- INSTRUCTIONS FOR THE TASK: Repeat exactly the lines from the start of the records below through the line that contains "Airfix OO Gauge", including both.

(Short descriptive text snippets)

═══

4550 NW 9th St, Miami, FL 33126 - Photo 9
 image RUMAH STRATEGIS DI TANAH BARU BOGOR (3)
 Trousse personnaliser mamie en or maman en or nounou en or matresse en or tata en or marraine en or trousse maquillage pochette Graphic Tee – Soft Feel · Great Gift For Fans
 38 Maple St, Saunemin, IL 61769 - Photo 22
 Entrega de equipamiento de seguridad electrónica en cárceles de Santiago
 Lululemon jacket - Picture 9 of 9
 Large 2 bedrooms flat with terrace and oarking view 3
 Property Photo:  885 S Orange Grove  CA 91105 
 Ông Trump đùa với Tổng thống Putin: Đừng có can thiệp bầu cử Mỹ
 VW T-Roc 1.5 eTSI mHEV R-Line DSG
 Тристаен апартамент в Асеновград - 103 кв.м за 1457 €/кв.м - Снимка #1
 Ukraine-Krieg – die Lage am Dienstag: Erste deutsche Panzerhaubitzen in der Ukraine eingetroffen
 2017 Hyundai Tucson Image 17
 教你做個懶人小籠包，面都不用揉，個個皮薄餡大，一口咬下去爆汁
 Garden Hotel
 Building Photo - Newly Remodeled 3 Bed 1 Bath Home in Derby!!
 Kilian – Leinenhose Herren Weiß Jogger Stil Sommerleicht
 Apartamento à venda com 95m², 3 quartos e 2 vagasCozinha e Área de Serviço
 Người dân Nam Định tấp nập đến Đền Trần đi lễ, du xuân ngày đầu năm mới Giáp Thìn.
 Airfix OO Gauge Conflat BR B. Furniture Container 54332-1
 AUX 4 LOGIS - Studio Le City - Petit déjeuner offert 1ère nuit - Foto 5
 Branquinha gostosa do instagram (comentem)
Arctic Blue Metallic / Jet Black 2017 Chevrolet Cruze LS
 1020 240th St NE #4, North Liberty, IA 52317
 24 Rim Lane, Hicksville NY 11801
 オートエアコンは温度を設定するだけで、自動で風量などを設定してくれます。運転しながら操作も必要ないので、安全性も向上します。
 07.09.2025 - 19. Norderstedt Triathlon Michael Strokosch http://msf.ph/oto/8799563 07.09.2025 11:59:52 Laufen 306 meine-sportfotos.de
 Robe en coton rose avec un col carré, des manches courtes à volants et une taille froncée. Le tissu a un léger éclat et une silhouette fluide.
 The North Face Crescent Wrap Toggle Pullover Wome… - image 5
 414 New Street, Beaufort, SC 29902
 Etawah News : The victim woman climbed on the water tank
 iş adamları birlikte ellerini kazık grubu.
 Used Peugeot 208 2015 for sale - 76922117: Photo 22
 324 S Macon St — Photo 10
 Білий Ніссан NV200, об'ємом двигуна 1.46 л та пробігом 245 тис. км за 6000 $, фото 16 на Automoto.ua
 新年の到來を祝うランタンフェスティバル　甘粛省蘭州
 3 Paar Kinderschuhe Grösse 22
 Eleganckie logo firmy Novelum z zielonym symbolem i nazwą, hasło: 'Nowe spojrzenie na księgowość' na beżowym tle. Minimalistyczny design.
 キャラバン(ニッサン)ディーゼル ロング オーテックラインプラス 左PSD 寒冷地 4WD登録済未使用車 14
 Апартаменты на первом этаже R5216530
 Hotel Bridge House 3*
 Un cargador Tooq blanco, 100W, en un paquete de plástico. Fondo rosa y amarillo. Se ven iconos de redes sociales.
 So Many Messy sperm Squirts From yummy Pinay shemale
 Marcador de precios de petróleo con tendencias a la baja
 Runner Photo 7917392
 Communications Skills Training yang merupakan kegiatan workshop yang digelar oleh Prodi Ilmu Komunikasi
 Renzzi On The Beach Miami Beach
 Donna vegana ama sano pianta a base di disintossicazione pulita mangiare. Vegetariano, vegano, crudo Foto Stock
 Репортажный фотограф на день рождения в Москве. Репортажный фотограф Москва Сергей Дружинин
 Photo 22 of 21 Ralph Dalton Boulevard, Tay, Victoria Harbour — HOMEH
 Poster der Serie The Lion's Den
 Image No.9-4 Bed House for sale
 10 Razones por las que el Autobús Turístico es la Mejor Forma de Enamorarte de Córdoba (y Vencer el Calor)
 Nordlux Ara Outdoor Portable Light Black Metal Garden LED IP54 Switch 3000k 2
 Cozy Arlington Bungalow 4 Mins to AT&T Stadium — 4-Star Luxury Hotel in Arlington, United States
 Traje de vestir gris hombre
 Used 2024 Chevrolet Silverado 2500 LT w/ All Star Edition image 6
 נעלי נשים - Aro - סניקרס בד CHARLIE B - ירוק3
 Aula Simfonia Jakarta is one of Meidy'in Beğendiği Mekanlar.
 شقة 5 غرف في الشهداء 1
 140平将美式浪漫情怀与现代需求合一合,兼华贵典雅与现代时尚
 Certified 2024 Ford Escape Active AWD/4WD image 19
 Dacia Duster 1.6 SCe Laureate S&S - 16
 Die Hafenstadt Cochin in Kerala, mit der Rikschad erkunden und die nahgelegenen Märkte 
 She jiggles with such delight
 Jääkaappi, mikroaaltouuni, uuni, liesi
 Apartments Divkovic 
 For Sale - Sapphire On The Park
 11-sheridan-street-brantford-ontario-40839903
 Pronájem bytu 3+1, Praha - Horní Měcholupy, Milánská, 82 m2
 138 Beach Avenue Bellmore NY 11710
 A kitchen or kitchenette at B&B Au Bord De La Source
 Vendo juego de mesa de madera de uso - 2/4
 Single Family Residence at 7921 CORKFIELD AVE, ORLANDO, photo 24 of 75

═══

- OUTPUT BELOW:
4550 NW 9th St, Miami, FL 33126 - Photo 9
 image RUMAH STRATEGIS DI TANAH BARU BOGOR (3)
 Trousse personnaliser mamie en or maman en or nounou en or matresse en or tata en or marraine en or trousse maquillage pochette Graphic Tee – Soft Feel · Great Gift For Fans
 38 Maple St, Saunemin, IL 61769 - Photo 22
 Entrega de equipamiento de seguridad electrónica en cárceles de Santiago
 Lululemon jacket - Picture 9 of 9
 Large 2 bedrooms flat with terrace and oarking view 3
 Property Photo:  885 S Orange Grove  CA 91105 
 Ông Trump đùa với Tổng thống Putin: Đừng có can thiệp bầu cử Mỹ
 VW T-Roc 1.5 eTSI mHEV R-Line DSG
 Тристаен апартамент в Асеновград - 103 кв.м за 1457 €/кв.м - Снимка #1
 Ukraine-Krieg – die Lage am Dienstag: Erste deutsche Panzerhaubitzen in der Ukraine eingetroffen
 2017 Hyundai Tucson Image 17
 教你做個懶人小籠包，面都不用揉，個個皮薄餡大，一口咬下去爆汁
 Garden Hotel
 Building Photo - Newly Remodeled 3 Bed 1 Bath Home in Derby!!
 Kilian – Leinenhose Herren Weiß Jogger Stil Sommerleicht
 Apartamento à venda com 95m², 3 quartos e 2 vagasCozinha e Área de Serviço
 Người dân Nam Định tấp nập đến Đền Trần đi lễ, du xuân ngày đầu năm mới Giáp Thìn.
 Airfix OO Gauge Conflat BR B. Furniture Container 54332-1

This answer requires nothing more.